Hindustan Times (Amritsar)

Report reveals Pak rural-urban divide

- Imtiaz Ahmad letters@hindustant­imes.com ■

ISLAMABAD: Pakistan’s rural areas remain poorer than urban centres and are far more disadvanta­ged in all aspects, a World Bank report on poverty has said.

Balochista­n has the highest rural poverty rate, with more than 62% living below the poverty line, said the report titled ‘State of Water Supply, Sanitation and Poverty in Pakistan’. The gap between rural and urban poverty is the widest in Sindh at almost 30%. In Punjab and KhyberPakh­tunkhwa, it is at 13 and 15% respective­ly.

The report said the poverty head count rate in rural Pakistan was twice that of urban areas — 36% to 18%— a difference that remained unchanged since 2001. Combined with the slow pace of urbanisati­on—only about 35% of Pakistanis lived in urban areas in 2014 — this gap indicated that about 80% of poor population lives only in the rural areas.
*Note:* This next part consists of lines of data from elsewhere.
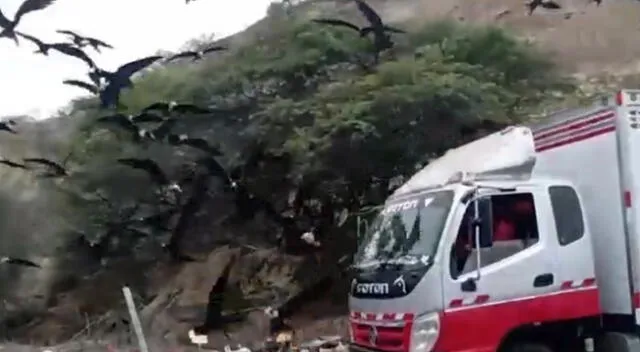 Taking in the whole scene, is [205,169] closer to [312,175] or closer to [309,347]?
[312,175]

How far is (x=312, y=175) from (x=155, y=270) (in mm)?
4354

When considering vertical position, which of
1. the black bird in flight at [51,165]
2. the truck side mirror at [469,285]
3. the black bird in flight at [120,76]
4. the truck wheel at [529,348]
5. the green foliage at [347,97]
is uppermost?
the green foliage at [347,97]

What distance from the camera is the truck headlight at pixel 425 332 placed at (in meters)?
7.67

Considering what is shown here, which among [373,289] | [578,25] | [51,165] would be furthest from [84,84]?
[578,25]

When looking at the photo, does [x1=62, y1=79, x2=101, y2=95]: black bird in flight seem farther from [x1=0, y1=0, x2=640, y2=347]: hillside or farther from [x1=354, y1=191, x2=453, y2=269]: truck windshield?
[x1=0, y1=0, x2=640, y2=347]: hillside

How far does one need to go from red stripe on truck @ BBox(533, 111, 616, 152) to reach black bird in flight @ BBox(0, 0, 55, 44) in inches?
163

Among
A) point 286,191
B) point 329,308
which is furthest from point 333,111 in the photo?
point 329,308

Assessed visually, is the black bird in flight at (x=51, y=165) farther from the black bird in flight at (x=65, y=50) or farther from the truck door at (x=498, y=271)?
the truck door at (x=498, y=271)

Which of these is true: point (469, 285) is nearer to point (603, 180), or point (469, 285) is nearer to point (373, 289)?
point (373, 289)

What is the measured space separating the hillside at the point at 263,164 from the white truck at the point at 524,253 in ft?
24.5

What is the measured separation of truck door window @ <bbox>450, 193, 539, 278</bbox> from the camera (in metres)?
7.73

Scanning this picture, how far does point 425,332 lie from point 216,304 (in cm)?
1049

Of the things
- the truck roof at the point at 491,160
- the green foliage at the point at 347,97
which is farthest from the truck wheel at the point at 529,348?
the green foliage at the point at 347,97

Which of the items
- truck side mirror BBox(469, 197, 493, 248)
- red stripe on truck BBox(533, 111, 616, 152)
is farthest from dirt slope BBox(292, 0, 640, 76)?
truck side mirror BBox(469, 197, 493, 248)
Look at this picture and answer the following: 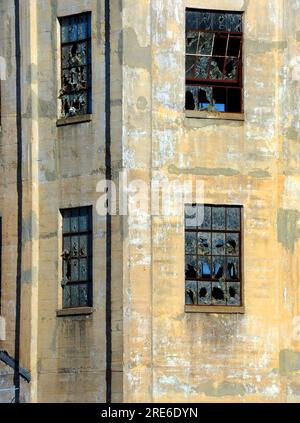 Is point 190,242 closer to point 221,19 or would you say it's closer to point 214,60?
point 214,60

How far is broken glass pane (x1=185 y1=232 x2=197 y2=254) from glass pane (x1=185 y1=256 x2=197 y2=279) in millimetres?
165

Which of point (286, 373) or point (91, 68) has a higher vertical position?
point (91, 68)

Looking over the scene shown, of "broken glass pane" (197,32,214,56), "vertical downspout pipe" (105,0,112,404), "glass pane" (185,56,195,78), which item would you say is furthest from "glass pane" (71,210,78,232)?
"broken glass pane" (197,32,214,56)

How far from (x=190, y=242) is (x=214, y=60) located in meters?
4.44

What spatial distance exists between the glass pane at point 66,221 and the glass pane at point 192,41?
4.75m

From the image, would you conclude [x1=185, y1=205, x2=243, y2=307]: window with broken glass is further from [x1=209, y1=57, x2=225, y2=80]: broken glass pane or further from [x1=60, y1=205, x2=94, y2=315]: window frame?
[x1=209, y1=57, x2=225, y2=80]: broken glass pane

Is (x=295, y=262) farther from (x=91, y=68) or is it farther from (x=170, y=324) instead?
(x=91, y=68)

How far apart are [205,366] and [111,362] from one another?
2170mm

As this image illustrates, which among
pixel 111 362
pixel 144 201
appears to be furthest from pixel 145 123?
pixel 111 362

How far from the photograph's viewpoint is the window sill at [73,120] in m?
50.4

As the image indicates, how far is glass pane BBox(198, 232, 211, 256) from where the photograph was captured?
50.1 meters

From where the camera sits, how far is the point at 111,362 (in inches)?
1933

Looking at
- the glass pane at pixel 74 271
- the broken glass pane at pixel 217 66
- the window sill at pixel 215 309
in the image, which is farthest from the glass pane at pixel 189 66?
the window sill at pixel 215 309

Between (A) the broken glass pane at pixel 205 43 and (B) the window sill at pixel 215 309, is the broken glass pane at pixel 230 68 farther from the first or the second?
(B) the window sill at pixel 215 309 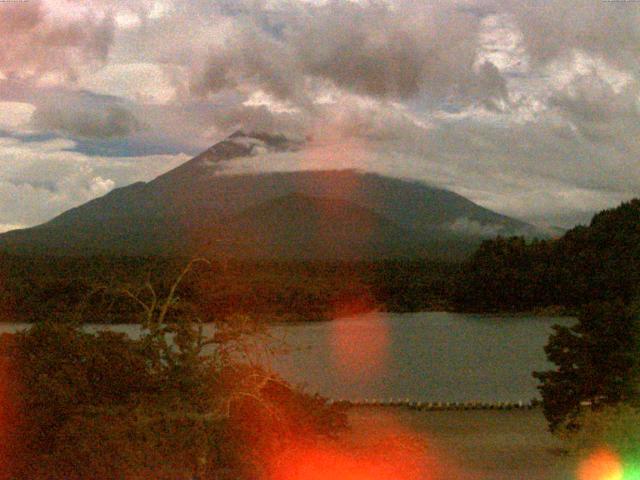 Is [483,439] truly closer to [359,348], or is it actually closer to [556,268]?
[359,348]

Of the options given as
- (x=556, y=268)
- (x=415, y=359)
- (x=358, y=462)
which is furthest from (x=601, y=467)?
(x=556, y=268)

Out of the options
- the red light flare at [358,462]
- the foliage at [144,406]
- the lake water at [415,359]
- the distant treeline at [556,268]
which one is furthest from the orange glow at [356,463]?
the distant treeline at [556,268]

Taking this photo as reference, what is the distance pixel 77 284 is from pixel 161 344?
19.4 feet

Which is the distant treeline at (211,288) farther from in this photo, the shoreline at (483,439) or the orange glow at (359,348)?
the shoreline at (483,439)

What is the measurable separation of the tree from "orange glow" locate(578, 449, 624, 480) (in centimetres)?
130

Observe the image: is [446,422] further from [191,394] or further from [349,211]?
[349,211]

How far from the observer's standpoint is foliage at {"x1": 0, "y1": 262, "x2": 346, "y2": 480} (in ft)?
23.6

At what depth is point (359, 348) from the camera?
1798cm

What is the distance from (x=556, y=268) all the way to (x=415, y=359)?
8.55 meters

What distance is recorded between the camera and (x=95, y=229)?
29.1m

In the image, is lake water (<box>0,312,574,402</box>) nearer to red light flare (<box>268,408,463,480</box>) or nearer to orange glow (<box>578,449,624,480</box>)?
red light flare (<box>268,408,463,480</box>)

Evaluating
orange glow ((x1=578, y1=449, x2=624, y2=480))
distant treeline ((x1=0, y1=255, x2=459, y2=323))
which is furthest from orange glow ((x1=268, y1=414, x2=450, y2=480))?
distant treeline ((x1=0, y1=255, x2=459, y2=323))

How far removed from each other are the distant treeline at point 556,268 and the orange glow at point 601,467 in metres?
13.6

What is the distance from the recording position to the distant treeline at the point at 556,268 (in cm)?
2275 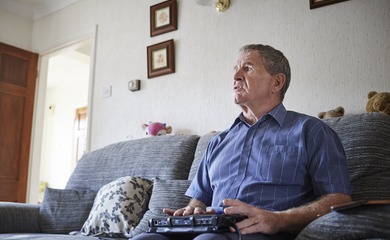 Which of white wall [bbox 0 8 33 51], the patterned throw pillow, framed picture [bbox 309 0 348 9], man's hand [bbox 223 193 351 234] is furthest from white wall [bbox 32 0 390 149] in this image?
man's hand [bbox 223 193 351 234]

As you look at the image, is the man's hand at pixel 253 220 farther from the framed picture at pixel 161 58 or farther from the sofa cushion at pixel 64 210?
the framed picture at pixel 161 58

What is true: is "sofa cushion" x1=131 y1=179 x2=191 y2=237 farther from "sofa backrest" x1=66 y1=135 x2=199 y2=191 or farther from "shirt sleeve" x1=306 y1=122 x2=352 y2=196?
"shirt sleeve" x1=306 y1=122 x2=352 y2=196

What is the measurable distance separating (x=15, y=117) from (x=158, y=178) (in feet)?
8.17

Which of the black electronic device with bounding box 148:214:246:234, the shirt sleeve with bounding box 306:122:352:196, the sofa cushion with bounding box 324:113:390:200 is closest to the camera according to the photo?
the black electronic device with bounding box 148:214:246:234

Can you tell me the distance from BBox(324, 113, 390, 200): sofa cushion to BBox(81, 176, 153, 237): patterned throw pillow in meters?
0.97

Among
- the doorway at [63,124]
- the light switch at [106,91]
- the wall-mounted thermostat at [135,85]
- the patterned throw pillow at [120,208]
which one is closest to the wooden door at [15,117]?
the light switch at [106,91]

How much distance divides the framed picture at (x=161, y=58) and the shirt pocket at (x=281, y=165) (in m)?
1.68

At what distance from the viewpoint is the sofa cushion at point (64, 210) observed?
6.81 feet

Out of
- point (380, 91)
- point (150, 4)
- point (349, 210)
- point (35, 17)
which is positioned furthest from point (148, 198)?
point (35, 17)

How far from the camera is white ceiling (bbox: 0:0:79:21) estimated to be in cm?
393

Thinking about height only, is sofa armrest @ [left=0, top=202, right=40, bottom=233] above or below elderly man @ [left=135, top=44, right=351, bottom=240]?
below

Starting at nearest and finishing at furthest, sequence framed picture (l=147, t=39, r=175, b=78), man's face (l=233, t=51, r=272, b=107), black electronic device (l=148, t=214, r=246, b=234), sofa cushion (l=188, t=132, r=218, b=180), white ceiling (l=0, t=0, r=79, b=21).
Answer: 1. black electronic device (l=148, t=214, r=246, b=234)
2. man's face (l=233, t=51, r=272, b=107)
3. sofa cushion (l=188, t=132, r=218, b=180)
4. framed picture (l=147, t=39, r=175, b=78)
5. white ceiling (l=0, t=0, r=79, b=21)

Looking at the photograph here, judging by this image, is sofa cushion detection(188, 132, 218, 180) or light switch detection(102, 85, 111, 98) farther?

Rural children are 8.5 percentage points less likely than urban counterpar­ts to have adequate immunisati­on by three years of age, the report said. Rural women are 10 percentage points less likely to receive prenatal care, 28 percentage points less likely to give birth in a facility or hospital, and 12 percentage points less likely to receive postnatal care.

Rural households are 15 percentage points less likely to have an electricit­y connection and 63 percentage points less likely to have a natural gas connection than urban households.

The report noted that districts varied widely in poverty. The vast majority of the 40 poorest districts were in Balochista­n, followed by Sindh.